I WAS taken by surprise with MACC deputy chief commissioner (operations) Datuk Azam Baki’s remarks that there must be grounds to investigate the wealth of political leaders before a formal probe is initiated, “Azam: We need valid reasons to probe wealth of political leaders” (The Star, Aug 9).
As he acknowledged, there are many wealthy people but that does not mean they got their wealth through corruption or abuse of power. Furthermore, there is no law in our country to prevent people from getting rich.
The crux of the matter is how to uncover or detect whether a politician or public servant or anyone else for that matter is seen to be corrupt. If you were a public servant all your life, you could never become a multi-millionaire or have a few million ringgit from your salary and retirement gratuity alone no matter how high your position was.
You would not be able to support a lifestyle that does not commensurate with your pension or own expensive cars like Porsche, Mercedes or BMW and luxury houses or apartments and membership in prestigious and expensive clubs. If you can have these, then you must have huge savings hidden somewhere or a substantial amount of inherited wealth.

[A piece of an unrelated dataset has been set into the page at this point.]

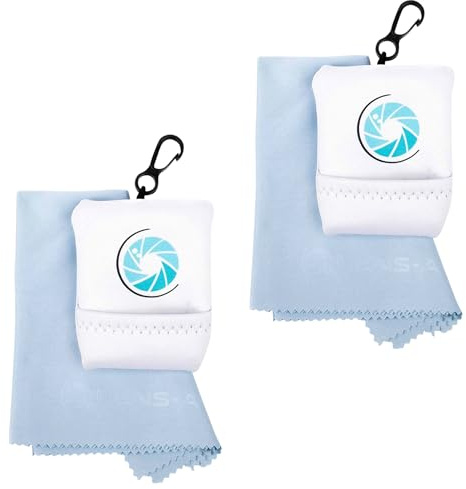 LENS-AID Chiffon de Nettoyage en Microfibre avec Sac de Rangement et Mousqueton pour Appareil Photo, Objectif, écran, Ordinateur Portable, Smartphone et Chiffon de Nettoyage pour Lunettes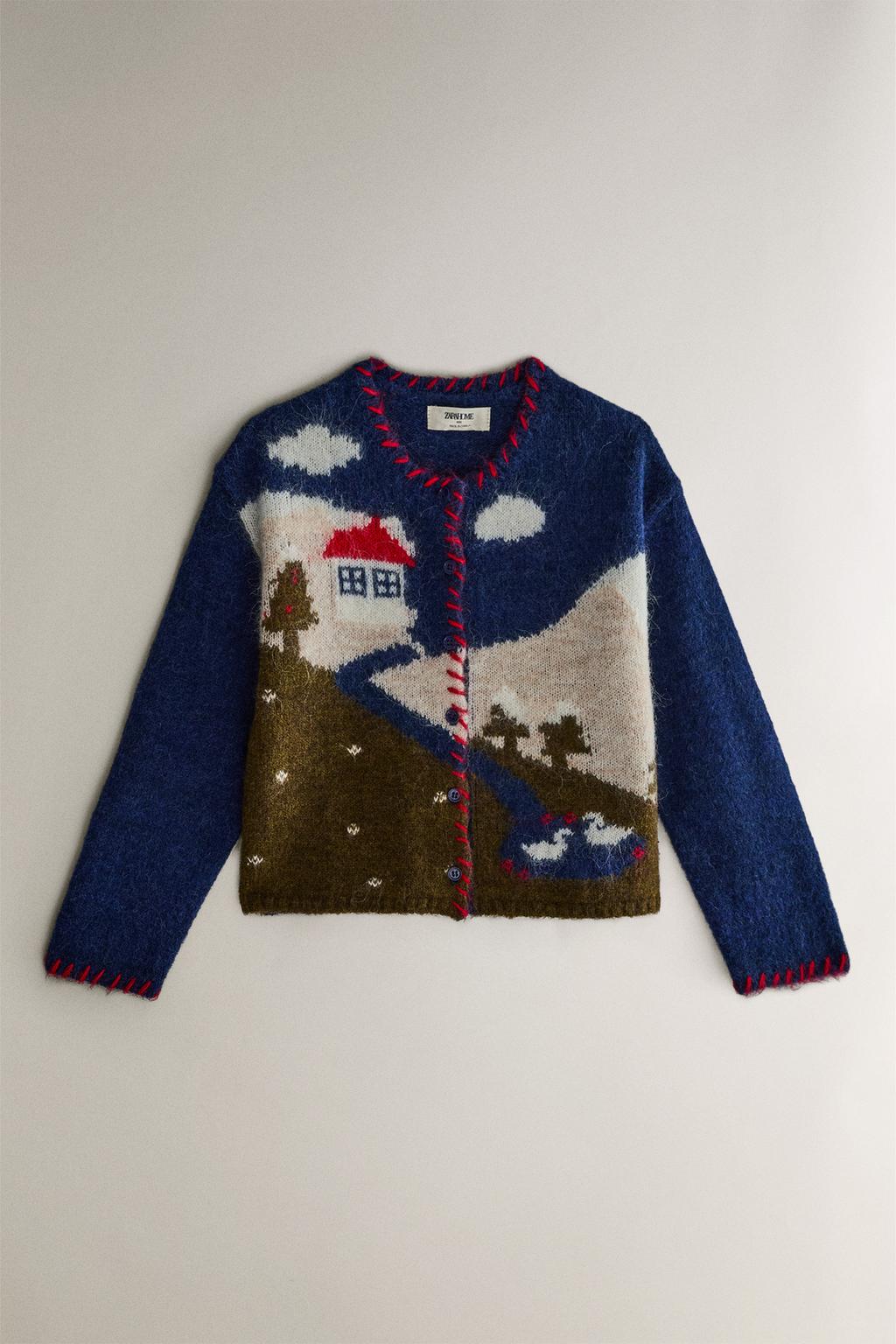 Детский кардиган с новогодним пейзажем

Just check their background from their service records in the case of public servants. If you are a politician, depending on the number of terms you serve as a wakil rakyat and regardless of the positions you hold, you also cannot become a millionaire or have a few million ringgit unless you have other side incomes that are far bigger than what you receive from your political appointments.

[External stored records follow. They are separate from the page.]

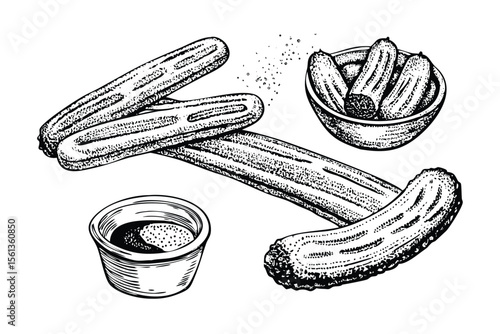 Churros Vector Engraving Set. Detailed Monochrome Dessert Illustrations. Vintage Stipple & Hatching Style Icons & Symbols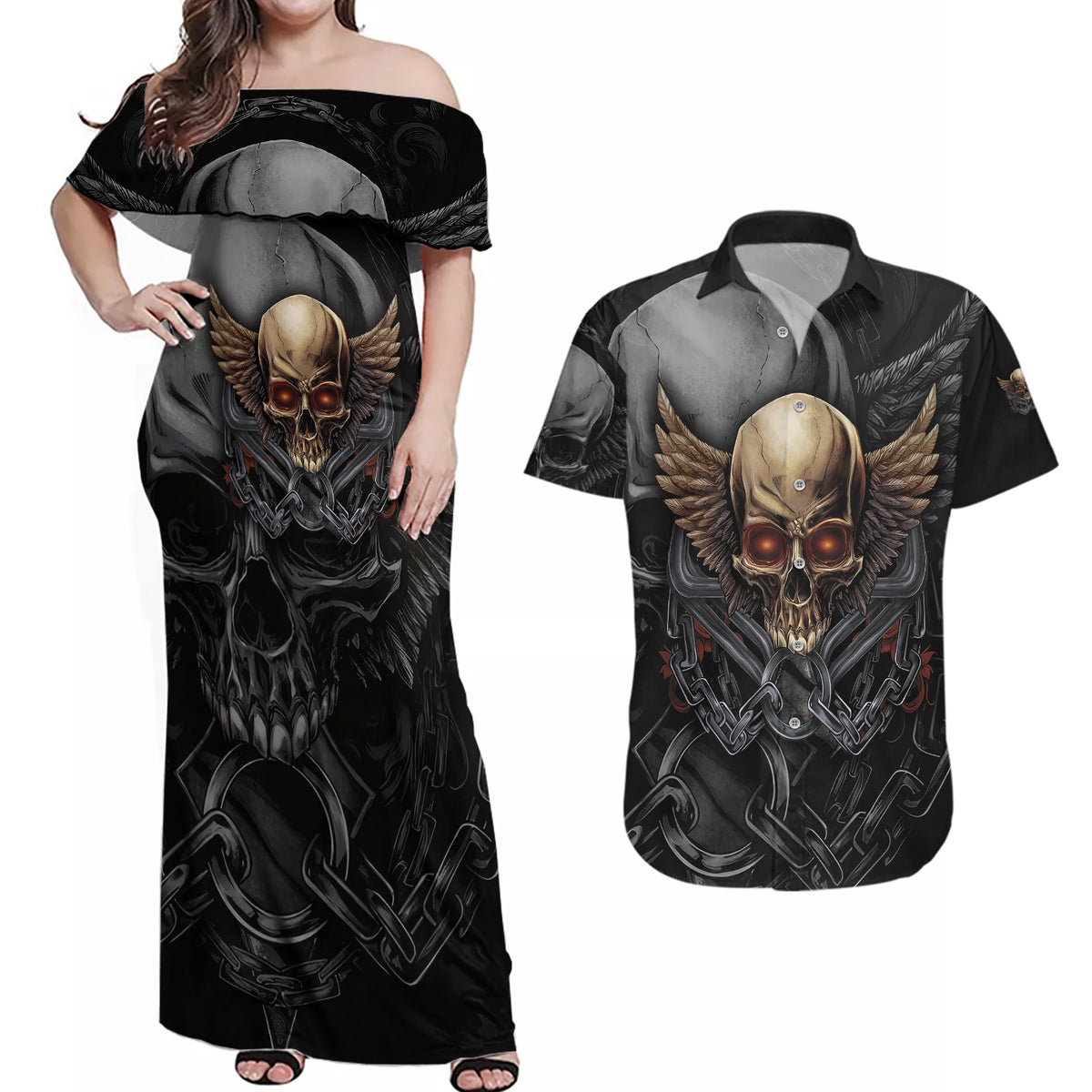 People Give Me The Creep Couples Matching Off Shoulder Maxi Dress and Hawaiian Shirt - Wonder Print Shop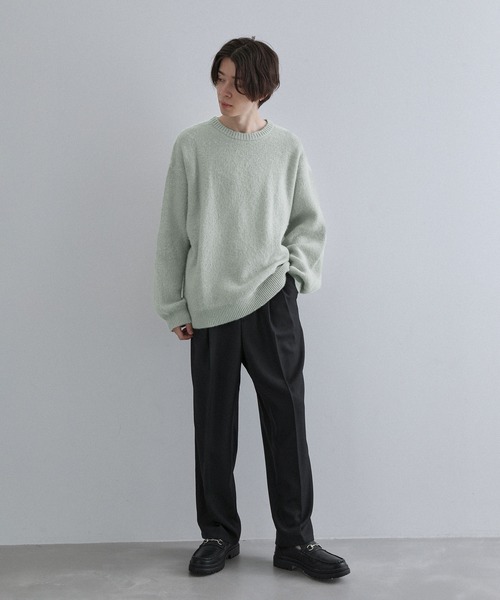 JUNRED（ジュンレッド）の「シャギークルーネックニット（ニット/セーター・メンズ・ブラック/イエロー/グレー系その他/ミント・S/M/L）」の21枚目の写真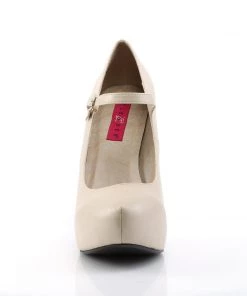 Pleaser Direct Chloe 02 Nude Matte Mary Jane Platforms Larger Size Shoes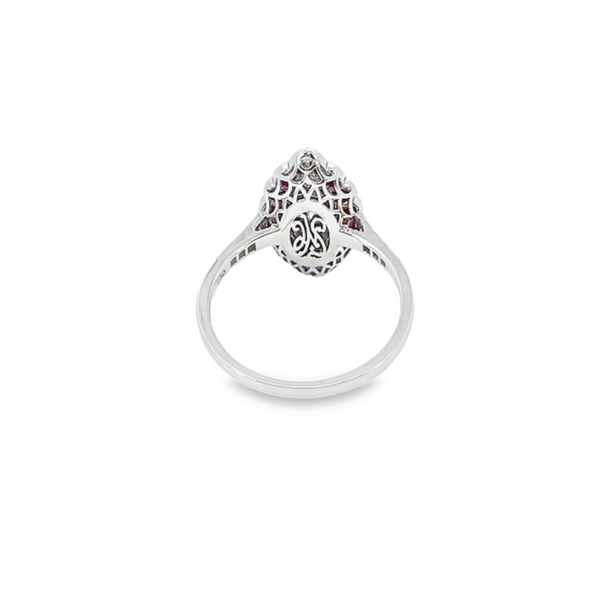 14K White Gold Diamond & Ruby Princess-Cut Ring (0.88 ct)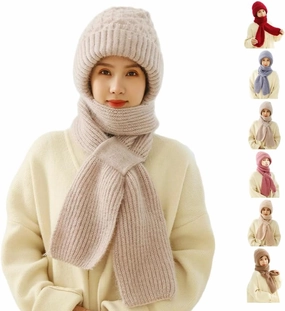 Integrated Ear Protection Windproof Cap Scarf,Elastic Warm Ear Protection Knitted Hat Scarf,Winter Windproof Hat for Women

For public servants and politicians, we know the amount they receive in salaries and allowances. But we don’t know how much ministers earn apart from their official salaries as they also receive other allowances which are kept confidential. These can be fairly substantial and could exceed their official salaries, but they still cannot become millionaires after completing their terms of office.

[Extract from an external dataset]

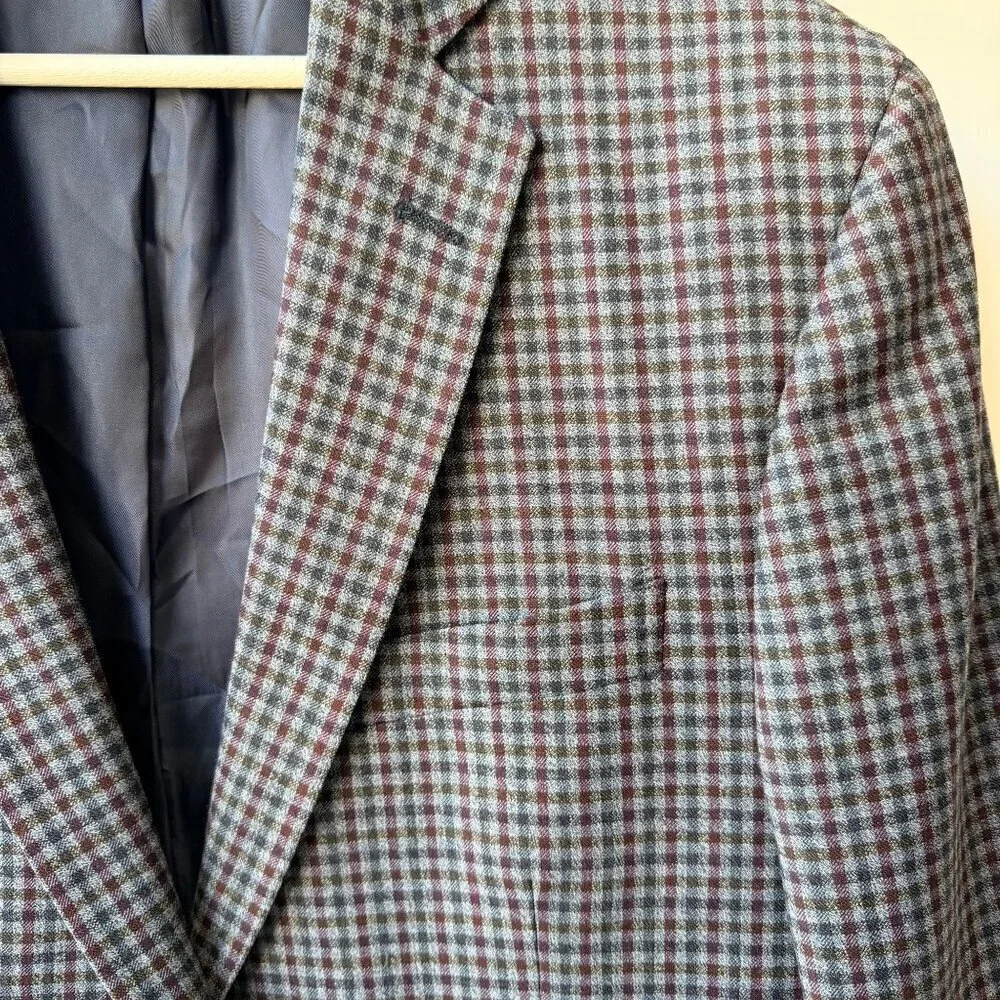 Brooks Brothers Regent Fit gingham Plaid Wool Blend Sport Coat Size 42L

In the 60s and 70s, salaries for ministers, including the prime minister, were published in the annual budget presented to Parliament. It was public knowledge back then but it isn’t so now.
For both politicians and public servants, it is fairly easy to detect who is living a lifestyle that’s beyond their legitimate incomes. If the MACC cannot identify them, then there is something wrong somewhere.
In fighting corruption, public information and cooperation are vital. The Whistleblower Protection Act is very helpful although people generally are still sceptical and even fearful of taking advantage of it to help the authorities because they think they would get in trouble in the end.
In this respect, the MACC must also rely on other sources like flying letters and grapevine stories even though these may prove to be untrue or sound like witch-hunting.
Flying or anonymous letters are usually written after observing, for instance, individuals who become rich suddenly while in service or immediately after retiring in the case of public servants or after serving one or two terms in office for politicians.
Public servants are quite smart at hiding their wealth rewards (money, physical assets and etc) by having proxies (individuals or companies) to look after their interests while they are in service. And some are able to rope in powerful and influential individuals who provide them with the necessary protection against possible investigation. This can happen quite easily in any organisation where corruption is already endemic or institutionalised, as in some government organisations of late. This is quite rampant and much talked about especially by the Y generation who are a very informed and enlightened lot.
It is up to the MACC team to keep their ears and eyes close to the ground and at the same time to “sniff” the environment when anything suspicious is raised by flying letters, public gossip and even coffeeshop talk.
The suspects must be continuously watched and trailed. Don’t just confine the exercise to people who are still in service. Go after those who have retired as well, especially those who are living a luxurious lifestyle and own assets that do not commensurate with their known legitimate incomes.
One powerful tool to use to pin down any suspect is the Income Tax Act which compels individuals to prepare a full income statement under a statutory declaration as provided by Section 79 of the Act.
If the MACC is allowed to use this Act, it would achieve two objectives simultaneously – detect if there was tax evasion on the one hand and a prima facie case of corruption if the person cannot account for all his incomes and expenditures on the other.